Pôs-se a observar o lago, silencioso e calmo. Talvez a calma daquelas águas lhe fizesse algum bem. Fechou os olhos. Seu desejo de fugir dali era enorme... O coração parecia querer explodir de tanta ansiedade.

– Vovô? Porque está triste, vovô?

Abriu os olhos lentamente e pôde ver sua pequena neta Saori, parada à sua frente, usando as mesmas roupas do dia do acidente, porém, não havia sangue, não havia ferimentos. Ela apenas estava ali, sorridente e alegre.

– Me diga, vovô. O que aconteceu?

– Eu falhei, Saori...

– Falhou, vovô? O que quer dizer?

– Eu não consegui alcançar meu objetivo... Não ajudei ninguém... Apenas causei mortes e dor...

– Acalme-se vovô... – Saori aproximou-se ainda mais dele, acariciando seu pescoço – O senhor sempre foi um...

– VELHO FILHO DA PUTA! VOCÊ QUASE DESTRUIU MINHA VIDA!

Quando abriu os olhos, deparou-se com Mu à sua frente, tentando estrangula-lo com as próprias mãos.

– Não, Mu! – disse Aldebaran, afastando-o.

Finalmente o grandalhão conseguiu separa-los. Mitsumasa começou a tossir pouco depois do ataque enquanto Mu ainda tentava avançar sobre ele.

– EU VOU MATAR ELE! ME SOLTA!

– Por favor, Mu! Se acalme! – dizia Aldebaran, tentando contê-lo – Não se esqueça que viemos aqui resolver tudo!

Ainda teve que lutar um pouco para segurá-lo. Nunca vira seu amado tão alterado. Quando finalmente os ânimos melhoraram o moreno se aproximou do velho.

– Senhor Mitsumasa, eu tenho algo a dizer.

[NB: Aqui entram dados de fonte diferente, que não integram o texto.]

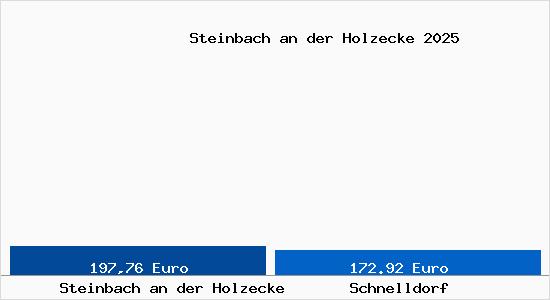 Bodenrichtwert Schnelldorf Steinbach an der Holzecke Grundstückspreise 2024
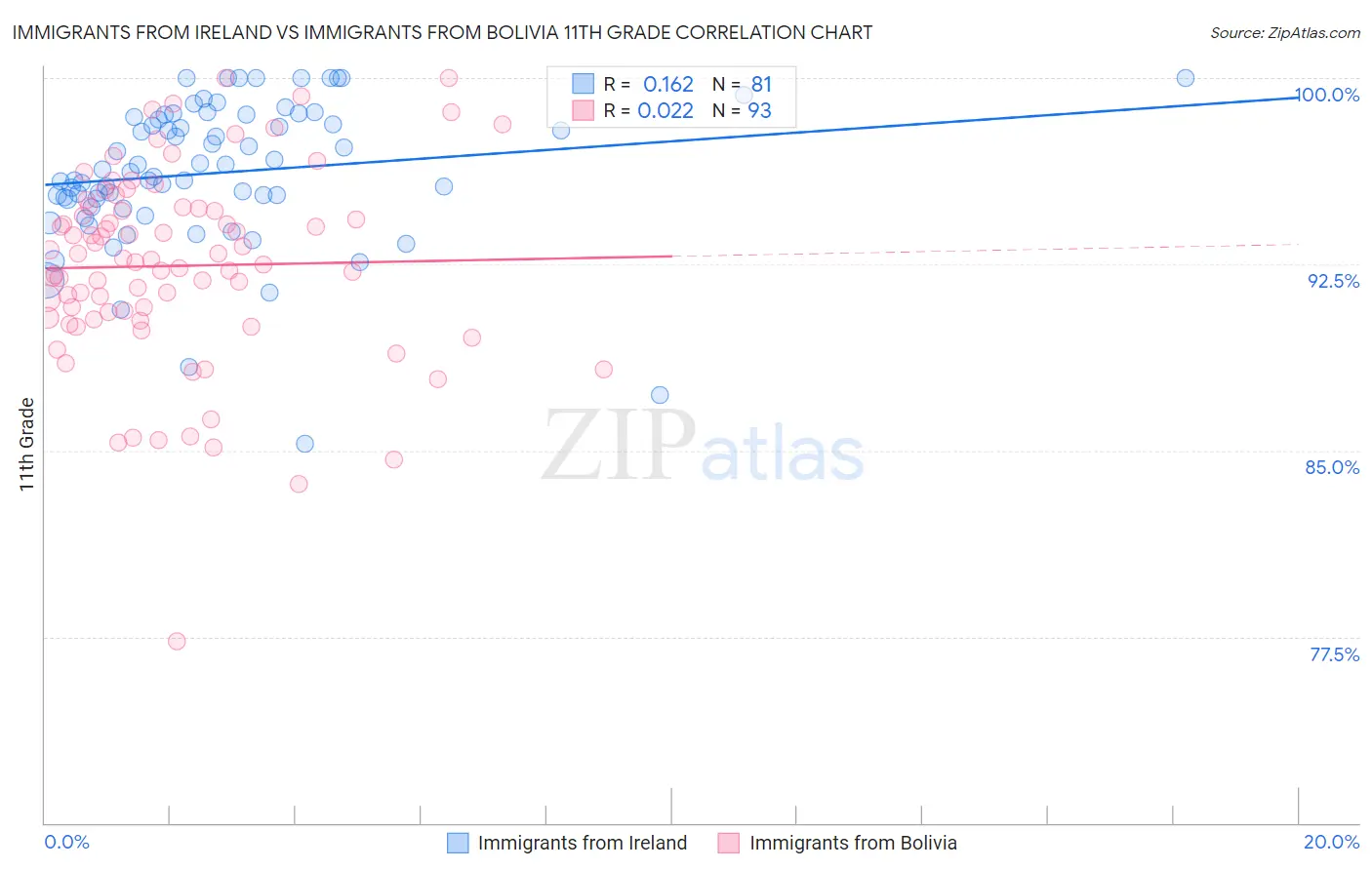 Immigrants from Ireland vs Immigrants from Bolivia 11th Grade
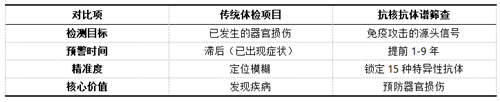 【成飞医院科普】别等身体拉响警报！抗核抗体谱：人人都该做的“免疫系统年检”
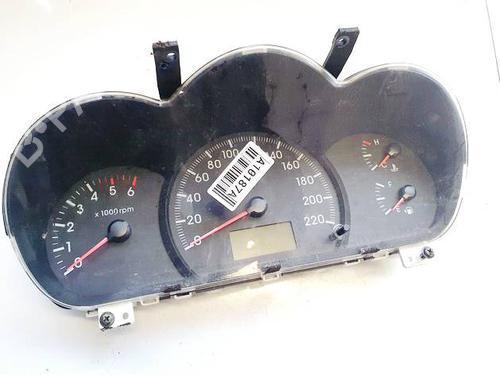 Used Instrument cluster Instrument cluster 34825637 34825637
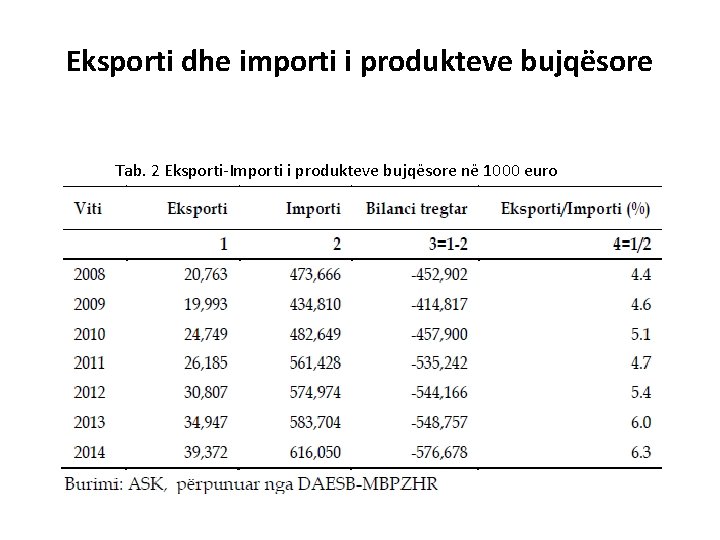 Eksporti dhe importi i produkteve bujqësore Tab. 2 Eksporti-Importi i produkteve bujqësore në 1000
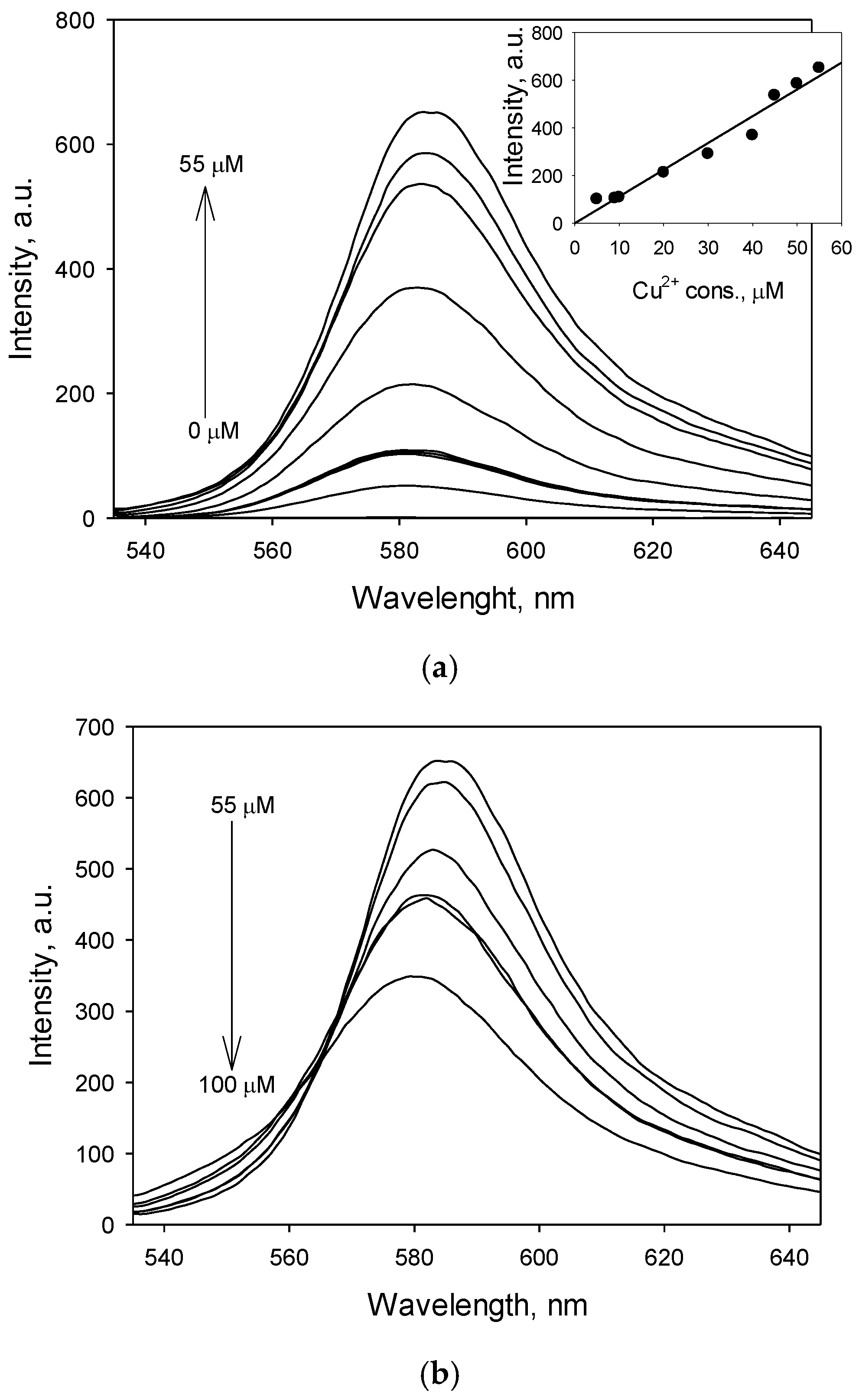 Chemosensors 05 00026 g004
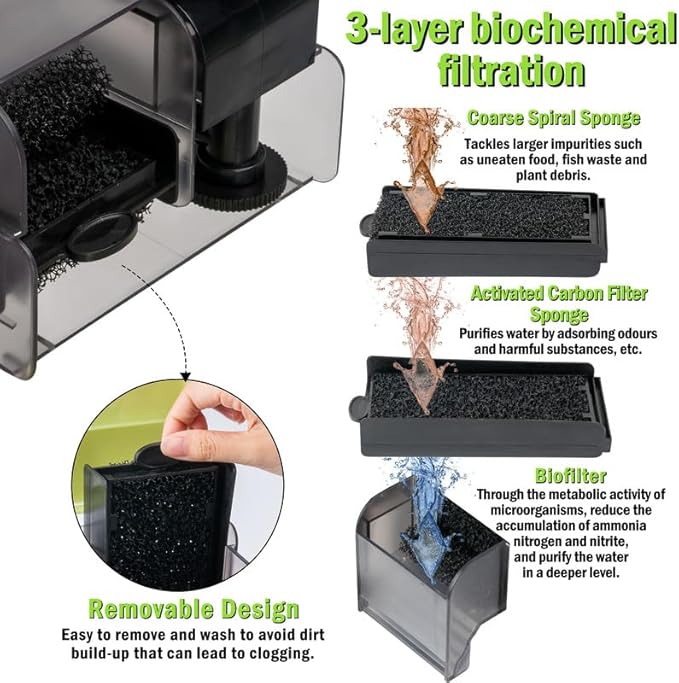 MALLMALL6 Aquarium Filter with U-V Light, Quiet Activated Carbon Biochemical Hang On Back Fish Tank Water Filtration with 2 Adjustable Extension Hose for 10-20 Gallon, 119 GPH 5W Power Oxygen Pump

– Pode falar... – ele disse, ainda olhando para Mu e passando as mãos pelo pescoço.

– Eu estou indo embora.

– O que? – perguntou, tossindo um pouco.

– Eu não quero mais trabalhar com você.

Mitsumasa olhou novamente para Mu. Com certeza ele era a razão disso. Mas de que adiantava prender Aldebaran ali? De que adiantava prender todos os outros empregados? Nada. O plano havia falhado e não havia mais nada o que fazer... Na verdade, precisaria de um último favor do brasileiro.

– Não vou ir contra suas vontades, Alde, mas quero pedir uma última coisa...

– Não! Ele não vai fazer! – Mu tentou inferir.

– Por favor, Mu...

O cliente balançou a cabeça negativamente e suspirou desapontado. Bom, fosse o que fosse, se Aldebaran aceitasse alguma tarefa louca ele não ia mais perdoa-lo.

– Eu gostaria que você me colocasse no barco.

– Desculpe, senhor. Não vou atravessar o lago com você...

– Não precisa atravessar! Apenas me coloque dentro dele! Eu ainda posso remar.

O moreno olhou para Mu que contraiu os ombros, sem querer se envolver. Bom, que mal havia em colocar o velho no barco? Puxou a embarcação até a borda e então colocou a cadeira de rodas dentro dela. Notou um tom avermelhado na água, mas não quis perguntar nada. Não queria saber de mais nada.

– Obrigado – disse o velho, tomando o remo nas mãos – Esperem só mais um pouco, sim?

– Nós não vamos esperar! – disse Mu, já começando a sair.

– É rápido, sim? – disse Mitsumasa, ligando seu celular.